Pour autant, malgré la banalisation des reconversions, les RH identifient de nombreux freins, notamment un manque de lisibilité et de connaissance des possibilités (59%) ainsi que des obstacles internes à l’entreprise (57%), comme la difficulté à embarquer le manager et/ou la hiérarchie. Pour ces raisons, ils peinent souvent à mettre en place en interne une « culture de la reconversion », gérant les changements de trajectoire au cas par cas (65% des répondants), « ce qui traduit une logique réactive et improvisée dans la plupart des situations », indique l’étude.
Un cadre RH sur quatre ne l’était pas un an plus tôt
Le secteur des ressources humaines aussi fait face à ce phénomène des reconversions professionnelles, qu’il s’agisse de RH qui souhaitent changer de métier ou de salariés d’autres secteurs qui veulent devenir RH. Selon l’outil de datavisualisation lancé par la Dares le 16 juin sur les transitions professionnelles**, un peu moins d’un cadre des ressources humaines et du recrutement sur cinq (19,2%) avait changé de métier un an plus tard. Parmi eux, 2,5% sont devenus cadres administratifs, comptables et financiers (hors juristes), 0,8% ingénieurs, cadres ou chefs de projet en informatique, 0,6% cadres commerciaux, 0,6% formateurs, et 4,2% étaient inscrits à France Travail.
Inversement, un cadre des ressources humaines et du recrutement sur quatre (25%) ne l’était pas un an plus tôt. 3% d’entre eux étaient agents administratifs divers, 2,6% cadres administratifs, comptables et financiers (hors juristes), 2,2% techniciens des services administratifs, 1% formateurs, 0,8% ingénieurs, cadres ou chefs de projet en informatique et 0,7% cadres commerciaux. De plus, 3,3% étaient inscrits à France Travail, 0,3% finissait ses études initiales et 0,3% était apprenti.
« La reconversion ne doit plus être un parcours en solitaire, mais un projet partagé, coconstruit avec l’entreprise, estime Emmanuelle Germani, vice-présidente de l’ANDRH. Les dispositifs et outils de reconversion doivent aujourd’hui pleinement entrer dans les pratiques : ce sont des leviers positifs pour la gestion des carrières et ils doivent être encouragés. Ils doivent aussi être décomplexés, sans tabou ni frein, et considérés comme une étape naturelle du parcours professionnel. C’est un véritable enjeu d’inclusion, pour toutes les générations, et en particulier pour les seniors, qui ne doivent plus être freinés par des représentations liées à l’âge. »

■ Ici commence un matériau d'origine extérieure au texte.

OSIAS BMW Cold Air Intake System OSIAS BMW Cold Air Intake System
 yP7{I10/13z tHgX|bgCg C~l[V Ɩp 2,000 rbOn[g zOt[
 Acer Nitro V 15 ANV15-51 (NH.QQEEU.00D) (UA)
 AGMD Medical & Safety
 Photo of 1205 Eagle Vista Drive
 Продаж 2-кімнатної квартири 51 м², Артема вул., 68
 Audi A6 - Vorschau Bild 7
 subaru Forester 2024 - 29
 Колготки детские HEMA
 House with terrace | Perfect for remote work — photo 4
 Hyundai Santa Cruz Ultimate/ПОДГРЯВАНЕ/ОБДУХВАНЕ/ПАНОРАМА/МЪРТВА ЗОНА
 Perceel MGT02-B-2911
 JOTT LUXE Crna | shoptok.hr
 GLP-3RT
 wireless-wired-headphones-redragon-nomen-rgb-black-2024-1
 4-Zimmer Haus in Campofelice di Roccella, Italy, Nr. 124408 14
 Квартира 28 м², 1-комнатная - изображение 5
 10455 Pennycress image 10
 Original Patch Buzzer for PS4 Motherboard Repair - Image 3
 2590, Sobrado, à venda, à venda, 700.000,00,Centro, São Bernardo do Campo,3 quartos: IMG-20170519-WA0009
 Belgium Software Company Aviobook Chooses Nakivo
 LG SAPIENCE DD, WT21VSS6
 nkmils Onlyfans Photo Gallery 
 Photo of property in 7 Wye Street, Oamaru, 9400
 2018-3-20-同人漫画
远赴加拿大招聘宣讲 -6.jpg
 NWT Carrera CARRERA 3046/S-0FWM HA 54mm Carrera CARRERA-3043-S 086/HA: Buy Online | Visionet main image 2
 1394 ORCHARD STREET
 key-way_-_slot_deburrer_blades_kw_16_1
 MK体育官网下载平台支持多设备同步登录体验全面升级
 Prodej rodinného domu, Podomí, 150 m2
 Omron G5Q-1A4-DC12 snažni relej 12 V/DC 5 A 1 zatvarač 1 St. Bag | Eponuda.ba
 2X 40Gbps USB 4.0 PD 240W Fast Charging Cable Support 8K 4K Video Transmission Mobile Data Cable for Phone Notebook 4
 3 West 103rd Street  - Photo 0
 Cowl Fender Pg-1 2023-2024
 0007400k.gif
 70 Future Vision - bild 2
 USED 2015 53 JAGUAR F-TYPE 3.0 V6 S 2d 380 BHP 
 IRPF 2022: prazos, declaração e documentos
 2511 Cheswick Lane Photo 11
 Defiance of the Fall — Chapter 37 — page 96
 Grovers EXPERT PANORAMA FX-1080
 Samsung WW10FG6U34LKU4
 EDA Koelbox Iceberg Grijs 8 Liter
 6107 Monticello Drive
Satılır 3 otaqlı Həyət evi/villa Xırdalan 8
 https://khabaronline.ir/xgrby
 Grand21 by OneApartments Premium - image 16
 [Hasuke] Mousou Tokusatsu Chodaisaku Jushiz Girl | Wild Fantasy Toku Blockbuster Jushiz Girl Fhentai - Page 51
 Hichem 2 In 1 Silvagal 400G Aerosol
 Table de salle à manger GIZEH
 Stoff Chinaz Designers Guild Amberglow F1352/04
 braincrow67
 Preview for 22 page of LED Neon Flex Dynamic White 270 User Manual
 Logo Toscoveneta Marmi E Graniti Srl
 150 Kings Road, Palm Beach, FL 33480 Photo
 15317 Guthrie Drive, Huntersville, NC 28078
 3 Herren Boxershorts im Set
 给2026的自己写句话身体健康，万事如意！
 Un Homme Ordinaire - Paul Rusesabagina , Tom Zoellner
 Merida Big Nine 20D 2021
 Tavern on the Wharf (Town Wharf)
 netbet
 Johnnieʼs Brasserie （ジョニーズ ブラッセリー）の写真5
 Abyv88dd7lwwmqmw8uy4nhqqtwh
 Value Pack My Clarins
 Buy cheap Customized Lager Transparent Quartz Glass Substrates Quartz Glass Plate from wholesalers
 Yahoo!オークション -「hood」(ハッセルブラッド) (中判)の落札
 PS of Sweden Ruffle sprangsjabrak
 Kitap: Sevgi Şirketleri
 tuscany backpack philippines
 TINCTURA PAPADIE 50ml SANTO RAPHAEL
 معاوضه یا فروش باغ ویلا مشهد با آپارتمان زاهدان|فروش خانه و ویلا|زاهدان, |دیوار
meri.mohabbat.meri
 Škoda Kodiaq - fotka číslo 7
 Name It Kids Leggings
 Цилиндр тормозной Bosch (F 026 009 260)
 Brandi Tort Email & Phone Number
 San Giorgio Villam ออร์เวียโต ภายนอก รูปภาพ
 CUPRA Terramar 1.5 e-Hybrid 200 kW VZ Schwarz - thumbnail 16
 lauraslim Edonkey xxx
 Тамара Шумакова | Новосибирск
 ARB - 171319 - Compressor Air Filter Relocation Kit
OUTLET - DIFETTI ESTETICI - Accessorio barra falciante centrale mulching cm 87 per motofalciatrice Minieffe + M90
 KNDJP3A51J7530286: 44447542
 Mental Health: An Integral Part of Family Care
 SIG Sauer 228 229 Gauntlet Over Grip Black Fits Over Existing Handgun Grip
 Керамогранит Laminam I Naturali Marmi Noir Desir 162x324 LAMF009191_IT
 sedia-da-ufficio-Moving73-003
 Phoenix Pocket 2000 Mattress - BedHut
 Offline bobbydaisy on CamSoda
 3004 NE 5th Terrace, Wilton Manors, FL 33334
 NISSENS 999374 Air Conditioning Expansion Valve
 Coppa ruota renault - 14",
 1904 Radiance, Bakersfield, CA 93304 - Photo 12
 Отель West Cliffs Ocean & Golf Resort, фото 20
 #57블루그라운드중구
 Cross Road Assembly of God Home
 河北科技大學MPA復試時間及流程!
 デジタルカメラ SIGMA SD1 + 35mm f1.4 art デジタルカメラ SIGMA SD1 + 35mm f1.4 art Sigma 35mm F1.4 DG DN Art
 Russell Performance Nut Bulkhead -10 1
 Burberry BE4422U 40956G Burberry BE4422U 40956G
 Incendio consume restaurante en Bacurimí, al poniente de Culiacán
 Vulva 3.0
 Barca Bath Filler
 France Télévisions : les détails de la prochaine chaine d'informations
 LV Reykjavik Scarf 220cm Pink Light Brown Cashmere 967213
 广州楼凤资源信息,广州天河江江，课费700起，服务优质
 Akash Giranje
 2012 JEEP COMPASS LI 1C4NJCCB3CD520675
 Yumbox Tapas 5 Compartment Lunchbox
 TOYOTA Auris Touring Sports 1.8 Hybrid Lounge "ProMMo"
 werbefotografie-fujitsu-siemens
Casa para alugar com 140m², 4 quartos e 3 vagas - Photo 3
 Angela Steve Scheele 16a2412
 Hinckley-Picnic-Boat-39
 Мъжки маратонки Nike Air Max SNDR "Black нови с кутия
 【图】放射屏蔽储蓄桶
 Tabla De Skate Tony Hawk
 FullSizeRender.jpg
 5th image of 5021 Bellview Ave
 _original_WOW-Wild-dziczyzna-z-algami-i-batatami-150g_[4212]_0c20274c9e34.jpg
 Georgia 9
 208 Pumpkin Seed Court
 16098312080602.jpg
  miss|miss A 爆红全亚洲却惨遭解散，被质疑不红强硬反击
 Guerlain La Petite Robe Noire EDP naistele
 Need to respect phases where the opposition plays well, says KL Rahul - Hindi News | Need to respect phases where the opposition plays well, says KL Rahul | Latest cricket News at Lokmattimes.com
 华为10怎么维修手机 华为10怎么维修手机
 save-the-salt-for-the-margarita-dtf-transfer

*Etude de la Fondation The Adecco Group réalisée par l’Ifop, en partenariat avec l’ANDRH. Ce dispositif, réalisé en mars et avril 2025, est composé de 3 volets : une enquête quantitative menée en ligne auprès d’un échantillon représentatif de la population active en poste ou en recherche d’emploi composé de 997 personnes ; un volet quantitatif auprès d’un échantillon de 94 directeurs et responsables des ressources humaines ; une enquête qualitative, avec 13 entretiens semi-directifs d’une heure conduits auprès de différents professionnels en lien avec la question des reconversions.
**Comprendre les transitions professionnelles grâce à la datavisualisation, portant sur les données de janvier 2022 et janvier 2023, et disponible sur le site de la Dares.